# Altamaha WMA?



## Steve123 (Sep 27, 2011)

Who hunts the area around Lewis creek? Thought about going for the gun opener,  i fish the area a lot but never hunted WMAs much. Thanks for any help.


----------



## Steve123 (Sep 30, 2011)

Looks like i will be the only one hunting Altamaha wma on 10-15-11.


----------



## keowens31 (Oct 8, 2011)

Can't help you out much with the deer hunting info, but i do hog hunt the area some.. I have never went and not jumped several deer. There should be lots of acorns down right now...


----------



## bfriendly (Oct 8, 2011)

keowens31 said:


> Can't help you out much with the deer hunting info, but i do hog hunt the area some.. I have never went and not jumped several deer. There should be lots of acorns down right now...



I have never been there, but from what I have heard, ANYplace on the Altamaha would be Awesome!

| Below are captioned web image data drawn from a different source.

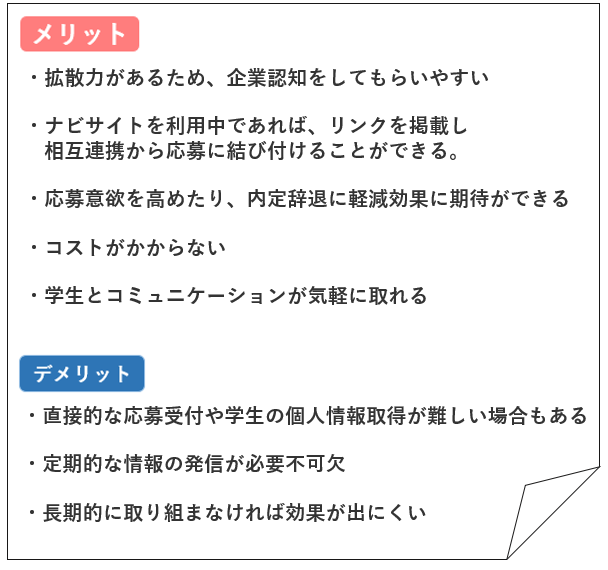 SNS採用のメリット・デメリット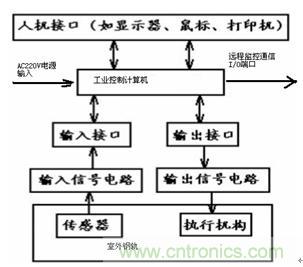 图 21 铁路地面信号设备组成示意图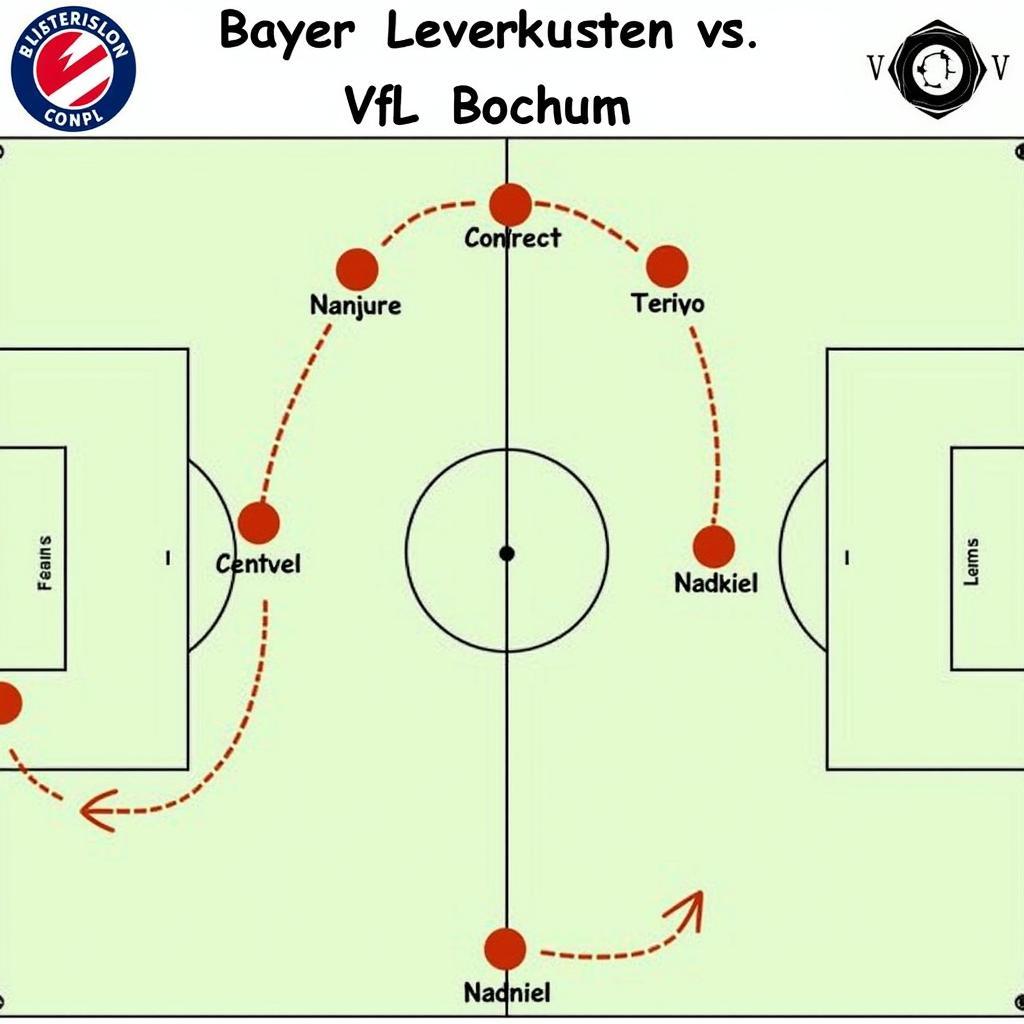 Taktische Analyse des Spiels Bayer 04 Leverkusen gegen VfL Bochum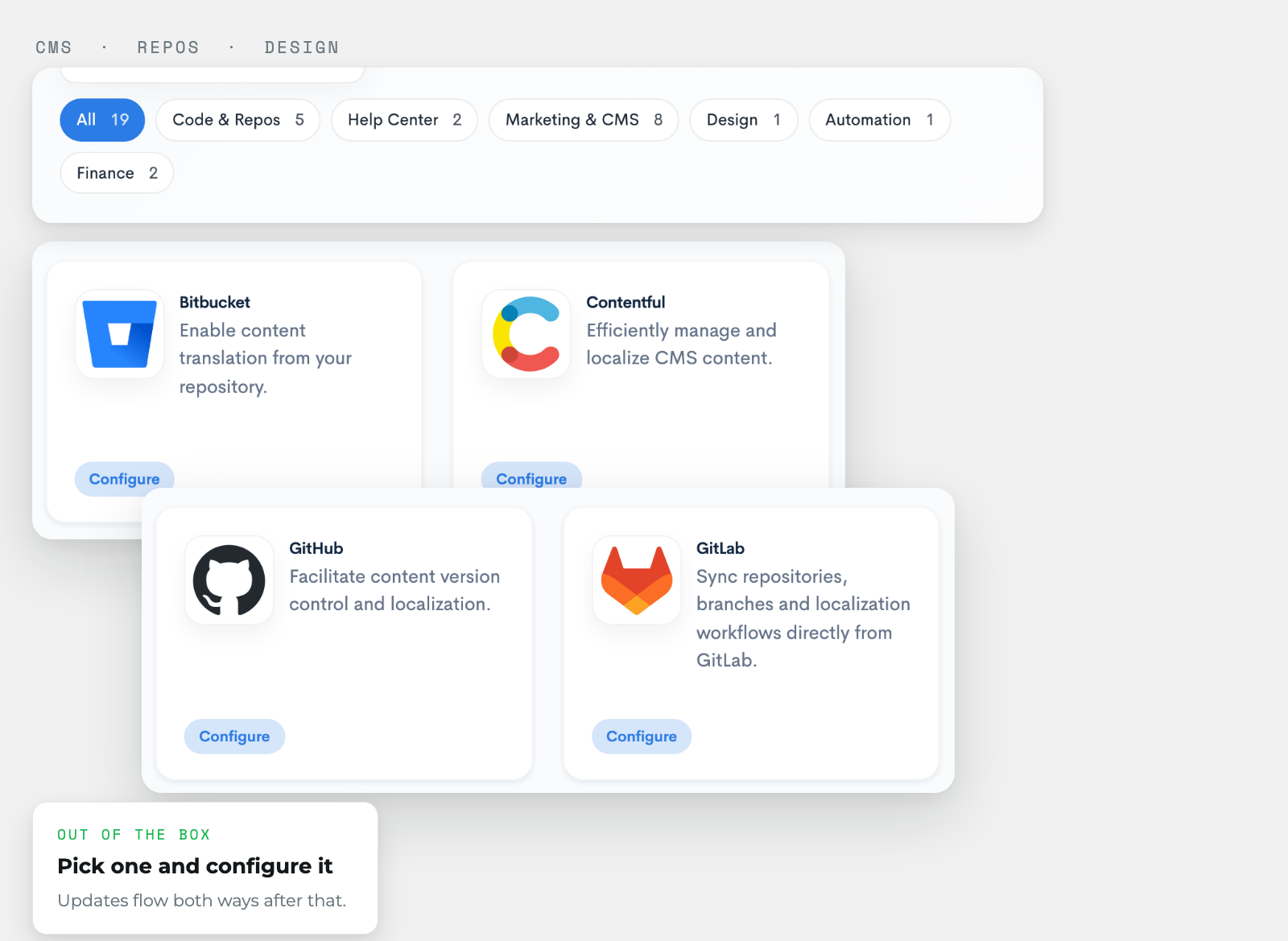 The wxrks integration catalogue: categories across code, CMS, design and finance, with connector cards ready to configure.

If you dont see or hear anything, take a nice sized log and bang it against a tree like 2 or 3 times and Listen...........


----------



## flatheadfisherman (Oct 9, 2011)

I havent hunted around there but might next year. I have a few topo maps of the area and there are some nice looking places all around there. While fishing, I have seen lots of hogs around the Lewis/Studhorse creek area. I see deer mostly on the north side of Lewis Creek out towards where the southern part meets the Altamaha again. While back in the slews off the main river catching bait is where I see them. I also have seen does in the woods around the duck hunting areas. Around Bulter/Champney Creeks. Good luck. Please post reports.


----------



## Apex Predator (Oct 13, 2011)

Unfortunatley, the locals poach that area year round.  They have no limits and no seasons.  I've seen boat loads of rednecks with center fire rifles before, during, and after spring turkey season hunting deer and hogs.  They don't even care if anyone sees them.  Used to be a great place to hunt, but be careful now, and don't go alone!


----------



## Steve123 (Oct 13, 2011)

thanks for the info guys.


----------